The crowd had gathered in the town square on a Monday night. It was late summer, the last days of the holidays and the children were restless, convinced, as always, that there was something better to do, someplace else they could be. With the return to school now a real and present danger, these feelings were getting urgent.

In the main square of Tipperary town on a drizzly August evening, there was unlikely to be anything to do and the parents knew this. They resisted as the children pulled on their arms and they wanted to pay attention when the man with the silver hair ended the night by getting up to address the crowd.

Then even the children seemed to fall silent when Giovanni Trapattoni stepped to the microphone and began to cry.

They had put on a civic reception in Tipperary when they heard that the Ireland team were coming to stay nearby.

It was the kind of ceremony that comes naturally to towns across Ireland. The dignitaries were gathered on the back of a truck to listen to speeches and music. It could have been a slightly less than ordinary night in a midlands town but Trapattoni, as he has done so often, transformed the humdrum into something memorable.

He saw something in the three or four thousand people standing before him that evening that he has been able to see all his life. He saw himself and he saw possibility.

The mayor made a speech welcoming Trapattoni to Tipperary and welcoming John Delaney home. She read out Trapattoni's achievements in football. It took some time. And when the CJ Kickham Brass and Reed band played the Italian anthem, Trapattoni was moved, sitting down when it was over and grabbing Delaney's arm. He later told the crowd that he was emotional because it was the first time he had heard his anthem on foreign soil outside a football ground in 50 years.
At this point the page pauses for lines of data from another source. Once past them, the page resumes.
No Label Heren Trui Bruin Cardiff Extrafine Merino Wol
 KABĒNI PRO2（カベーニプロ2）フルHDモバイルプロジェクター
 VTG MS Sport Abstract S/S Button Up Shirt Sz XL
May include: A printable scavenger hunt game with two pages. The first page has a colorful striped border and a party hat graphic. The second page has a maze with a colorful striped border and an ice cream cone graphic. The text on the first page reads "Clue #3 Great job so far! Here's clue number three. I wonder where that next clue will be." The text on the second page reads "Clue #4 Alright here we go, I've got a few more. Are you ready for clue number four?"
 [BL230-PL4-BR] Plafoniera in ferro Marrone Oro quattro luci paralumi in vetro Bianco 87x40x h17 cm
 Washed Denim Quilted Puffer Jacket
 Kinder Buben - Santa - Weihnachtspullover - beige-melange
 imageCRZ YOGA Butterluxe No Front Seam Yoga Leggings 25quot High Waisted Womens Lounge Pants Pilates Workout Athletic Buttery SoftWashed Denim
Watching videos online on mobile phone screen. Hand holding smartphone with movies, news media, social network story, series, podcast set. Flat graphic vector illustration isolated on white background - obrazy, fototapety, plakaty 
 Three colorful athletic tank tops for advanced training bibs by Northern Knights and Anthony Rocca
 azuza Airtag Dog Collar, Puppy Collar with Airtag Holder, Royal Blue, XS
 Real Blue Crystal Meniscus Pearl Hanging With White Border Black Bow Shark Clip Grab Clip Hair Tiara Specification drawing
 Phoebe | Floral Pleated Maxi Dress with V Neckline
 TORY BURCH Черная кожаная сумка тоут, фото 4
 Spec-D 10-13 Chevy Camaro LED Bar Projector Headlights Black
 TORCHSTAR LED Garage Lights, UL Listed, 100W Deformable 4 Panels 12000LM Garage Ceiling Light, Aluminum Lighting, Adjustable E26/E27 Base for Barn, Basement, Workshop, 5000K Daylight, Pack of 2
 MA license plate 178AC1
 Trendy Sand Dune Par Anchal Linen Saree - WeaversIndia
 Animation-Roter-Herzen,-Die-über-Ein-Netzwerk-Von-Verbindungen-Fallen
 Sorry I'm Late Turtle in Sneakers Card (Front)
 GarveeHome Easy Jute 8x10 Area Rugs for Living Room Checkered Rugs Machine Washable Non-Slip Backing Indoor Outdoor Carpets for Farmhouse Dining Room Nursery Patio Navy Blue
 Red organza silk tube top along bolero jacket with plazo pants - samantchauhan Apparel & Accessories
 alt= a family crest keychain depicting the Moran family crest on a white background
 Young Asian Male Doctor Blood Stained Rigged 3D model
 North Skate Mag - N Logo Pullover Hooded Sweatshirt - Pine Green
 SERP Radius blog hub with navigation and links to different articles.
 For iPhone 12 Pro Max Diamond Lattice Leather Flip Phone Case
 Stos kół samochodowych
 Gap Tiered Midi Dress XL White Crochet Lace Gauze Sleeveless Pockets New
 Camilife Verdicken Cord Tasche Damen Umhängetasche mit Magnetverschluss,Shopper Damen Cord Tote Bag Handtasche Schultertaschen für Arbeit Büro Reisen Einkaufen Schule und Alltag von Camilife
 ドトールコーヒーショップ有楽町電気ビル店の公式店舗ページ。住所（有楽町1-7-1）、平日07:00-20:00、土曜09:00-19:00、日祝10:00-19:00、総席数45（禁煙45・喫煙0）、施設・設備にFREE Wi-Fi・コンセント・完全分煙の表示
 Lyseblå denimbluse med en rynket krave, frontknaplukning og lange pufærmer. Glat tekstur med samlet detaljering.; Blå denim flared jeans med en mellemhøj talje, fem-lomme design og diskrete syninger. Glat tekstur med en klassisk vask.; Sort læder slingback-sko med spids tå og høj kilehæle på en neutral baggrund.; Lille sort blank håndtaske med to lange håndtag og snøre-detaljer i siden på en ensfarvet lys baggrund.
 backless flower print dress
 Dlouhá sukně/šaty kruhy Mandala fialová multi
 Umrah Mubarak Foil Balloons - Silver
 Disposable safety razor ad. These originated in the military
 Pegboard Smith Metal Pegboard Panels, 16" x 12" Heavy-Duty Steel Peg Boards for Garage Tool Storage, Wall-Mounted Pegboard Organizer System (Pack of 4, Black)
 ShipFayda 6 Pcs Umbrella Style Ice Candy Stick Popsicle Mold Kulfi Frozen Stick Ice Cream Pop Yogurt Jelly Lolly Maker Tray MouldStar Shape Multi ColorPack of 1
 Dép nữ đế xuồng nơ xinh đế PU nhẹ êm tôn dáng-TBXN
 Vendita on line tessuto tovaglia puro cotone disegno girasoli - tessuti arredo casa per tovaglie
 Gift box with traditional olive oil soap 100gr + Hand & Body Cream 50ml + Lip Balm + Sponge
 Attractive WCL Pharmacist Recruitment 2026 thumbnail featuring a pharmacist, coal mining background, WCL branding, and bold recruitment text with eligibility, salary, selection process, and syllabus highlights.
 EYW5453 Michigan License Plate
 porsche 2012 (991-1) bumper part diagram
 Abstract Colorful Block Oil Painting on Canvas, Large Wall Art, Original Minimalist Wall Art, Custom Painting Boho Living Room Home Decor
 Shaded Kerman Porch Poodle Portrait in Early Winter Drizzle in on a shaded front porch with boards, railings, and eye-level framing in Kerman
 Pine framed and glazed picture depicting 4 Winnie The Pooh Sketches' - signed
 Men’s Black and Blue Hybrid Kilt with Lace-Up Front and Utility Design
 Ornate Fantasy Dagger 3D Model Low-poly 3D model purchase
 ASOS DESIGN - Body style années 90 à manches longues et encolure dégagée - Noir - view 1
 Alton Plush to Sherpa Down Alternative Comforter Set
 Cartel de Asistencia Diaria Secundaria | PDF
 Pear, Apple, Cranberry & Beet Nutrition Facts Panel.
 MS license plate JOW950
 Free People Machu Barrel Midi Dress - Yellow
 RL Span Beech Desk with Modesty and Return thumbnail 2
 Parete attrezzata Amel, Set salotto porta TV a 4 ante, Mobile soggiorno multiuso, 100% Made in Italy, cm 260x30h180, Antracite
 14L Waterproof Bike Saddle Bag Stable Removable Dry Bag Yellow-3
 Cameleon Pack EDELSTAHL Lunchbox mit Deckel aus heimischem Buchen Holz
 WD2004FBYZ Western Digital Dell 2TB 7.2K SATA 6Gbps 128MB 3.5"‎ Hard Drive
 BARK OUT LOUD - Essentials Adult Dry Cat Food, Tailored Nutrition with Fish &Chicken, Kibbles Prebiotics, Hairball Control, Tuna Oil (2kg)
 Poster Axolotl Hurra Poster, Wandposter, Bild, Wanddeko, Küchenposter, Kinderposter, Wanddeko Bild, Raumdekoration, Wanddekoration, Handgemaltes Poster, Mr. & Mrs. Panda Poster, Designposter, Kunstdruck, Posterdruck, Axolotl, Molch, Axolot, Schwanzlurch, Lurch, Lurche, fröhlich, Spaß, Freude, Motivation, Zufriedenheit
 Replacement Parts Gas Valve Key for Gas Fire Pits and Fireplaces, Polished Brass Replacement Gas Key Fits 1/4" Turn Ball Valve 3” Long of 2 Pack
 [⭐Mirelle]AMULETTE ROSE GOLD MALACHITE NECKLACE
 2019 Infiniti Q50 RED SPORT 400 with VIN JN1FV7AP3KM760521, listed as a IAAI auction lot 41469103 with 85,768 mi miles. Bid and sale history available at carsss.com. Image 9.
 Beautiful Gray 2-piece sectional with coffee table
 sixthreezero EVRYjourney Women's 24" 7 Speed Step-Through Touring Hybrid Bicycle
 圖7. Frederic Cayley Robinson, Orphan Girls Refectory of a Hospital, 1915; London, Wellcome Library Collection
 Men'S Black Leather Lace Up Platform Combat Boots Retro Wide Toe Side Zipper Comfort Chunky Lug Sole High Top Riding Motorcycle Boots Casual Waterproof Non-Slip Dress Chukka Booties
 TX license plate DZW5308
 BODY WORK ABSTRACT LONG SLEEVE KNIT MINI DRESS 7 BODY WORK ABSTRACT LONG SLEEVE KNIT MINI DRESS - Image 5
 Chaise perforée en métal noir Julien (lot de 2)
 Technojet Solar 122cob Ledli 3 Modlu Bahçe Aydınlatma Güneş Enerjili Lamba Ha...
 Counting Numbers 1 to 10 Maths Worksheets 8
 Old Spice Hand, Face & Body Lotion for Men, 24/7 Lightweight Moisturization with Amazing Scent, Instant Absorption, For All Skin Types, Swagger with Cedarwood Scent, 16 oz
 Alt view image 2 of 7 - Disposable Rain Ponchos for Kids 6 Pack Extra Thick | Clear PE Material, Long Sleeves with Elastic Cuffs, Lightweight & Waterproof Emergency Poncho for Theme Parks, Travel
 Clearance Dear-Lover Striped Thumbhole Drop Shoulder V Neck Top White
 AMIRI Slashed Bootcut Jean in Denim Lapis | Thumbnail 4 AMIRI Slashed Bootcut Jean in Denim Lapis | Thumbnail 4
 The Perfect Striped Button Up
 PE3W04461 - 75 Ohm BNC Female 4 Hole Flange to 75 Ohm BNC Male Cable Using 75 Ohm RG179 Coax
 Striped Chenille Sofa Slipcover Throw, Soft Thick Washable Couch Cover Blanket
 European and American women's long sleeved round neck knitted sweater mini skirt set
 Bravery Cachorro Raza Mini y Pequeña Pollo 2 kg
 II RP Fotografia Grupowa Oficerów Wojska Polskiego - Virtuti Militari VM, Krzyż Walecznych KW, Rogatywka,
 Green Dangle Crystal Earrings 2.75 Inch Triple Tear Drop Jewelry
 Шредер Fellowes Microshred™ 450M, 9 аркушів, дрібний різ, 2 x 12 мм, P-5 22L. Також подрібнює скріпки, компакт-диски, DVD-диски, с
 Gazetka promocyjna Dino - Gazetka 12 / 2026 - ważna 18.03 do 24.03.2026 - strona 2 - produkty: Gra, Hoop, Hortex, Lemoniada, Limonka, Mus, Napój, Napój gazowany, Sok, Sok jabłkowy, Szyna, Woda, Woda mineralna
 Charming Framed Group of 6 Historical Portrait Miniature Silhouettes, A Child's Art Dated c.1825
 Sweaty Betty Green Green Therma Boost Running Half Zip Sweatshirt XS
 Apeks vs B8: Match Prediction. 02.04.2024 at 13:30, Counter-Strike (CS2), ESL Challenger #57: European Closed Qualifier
Wherever he goes in Ireland, Trapattoni reminds the audience of where he came from. It is not a hack act because he still calls it home, still worships at the local church and eats at the restaurant off the main square in the town where he was born.

Any examination of Trapattoni's life reveals a simple but profound truth. Few football men in the modern era have held such a unity of purpose between their philosophy of life and their philosophy of football management. For Trapattoni, the worker has always been king.

When he is a willing traveller to all corners of Ireland, Trapattoni always remarks that he was once a boy who was visited by the "famous", who would make him think of a world beyond his small town, but one which would not have been possible without it.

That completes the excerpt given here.